Bujar Bukoshi, the Prime Minister in exile of the Republic of Kosovo, had created the FARK in Albania with a few dozen former Albanian officers of the Yugoslav army gathered by Sali Cekaj. He then put it under the command of former Colonel Ahmet Krasniqi, his "Minister of Defence". The Serbian police and army had started massacring Albanians in the Drenica region of Kosovo in late January and February 1988 and the Kosovo Liberation Army (KLA), which had been militarily active since 1986, had suffered a series of setbacks in July and August.

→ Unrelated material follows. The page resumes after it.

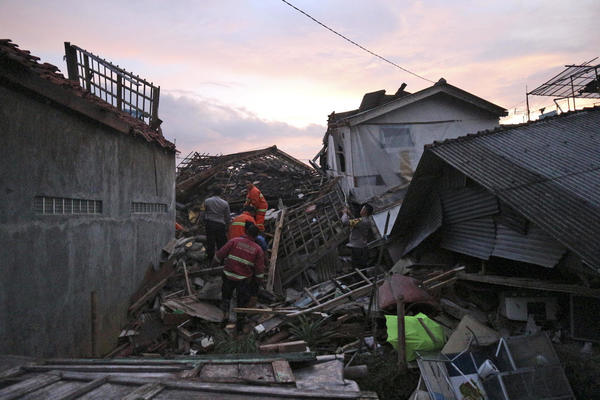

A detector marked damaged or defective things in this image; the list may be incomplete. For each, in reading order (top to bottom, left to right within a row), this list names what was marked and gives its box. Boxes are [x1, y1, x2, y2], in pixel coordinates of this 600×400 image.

damaged wall [0, 83, 176, 356] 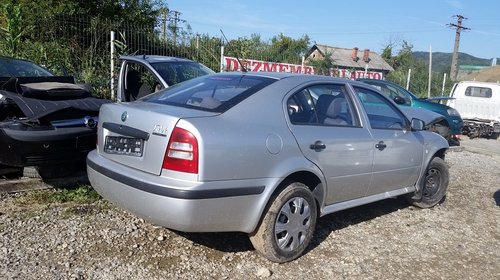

Most of the FARK were then loyal to the President of Kosovo, Ibrahim Rugova, who had followed a policy of peaceful resistance to the Serbs until the Drenica massacres of 1988, while the KLA was led by Hashim Thaçi, whom the apparent failure of that policy had made a credible alternative political leader.
Bujar Bukoshi, while spending most of his time in Germany, had been a representative for the Kosovar Albanians from 1991, the year when they proclaimed their independence while under Serbian military and police rule, to 1998.
Then , on April 2, 1999, as Rugova had then been sidelined by recent developments, Hashim Thaçi proclaimed himself Prime Minister in his place, while Bukoshi refused to recognize him and hand over the funds he had received from the Albanian Diaspora in the West. As a representative of Rugova, Bukoshi received regular contributions from the diaspora for his "Republic of Kosova Fund" which had been spent to finance the parallel government of Kosovo under Mr Rugova, with a network of private schools and health care centers. The KLA then created its own fund, Atdheu Thërret ("The Motherland calls"), both funds now being used to buy military equipment.
The KLA also tried to prevent recruitment into the FARK among the Albanians in Western Europe, and to attract them to its own centers of Durrës, Tirana and Kukës. Against the Serbian police and army, the FARK and the KLA fought separately amid mutual charges of "treason", yet co-ordinationg their operations mostly in central Kosovo. Many report that the FARK came under KLA command at that time, but uncertainty remains as to the extent of such "integration".
Politicians in Albania took sides in the rivalry between the KLA and the FARK, with the Socialist government in Tirana supporting Thaçi and the KLA, while the opposition Democratic Party of Sali Berisha supported the FARK. 30 members of the FARK were even jailed for taking part in violent anti-government demonstrations in Tirana in September 1988. The FARK said they only participated after the murder of Ahmet Krasniqi on September 21, 1998.
Such rivalries did not disappear after NATO troops entered Kosovo in June 1999 and the paramilitary groups were officially disbanded. Tahir Zemaj, a former Yugoslav army Lieutenant-colonel and KLA commander murdered with his son Enis and a cousin in Peć on December 21, 2002, had also been a leader of the FARK.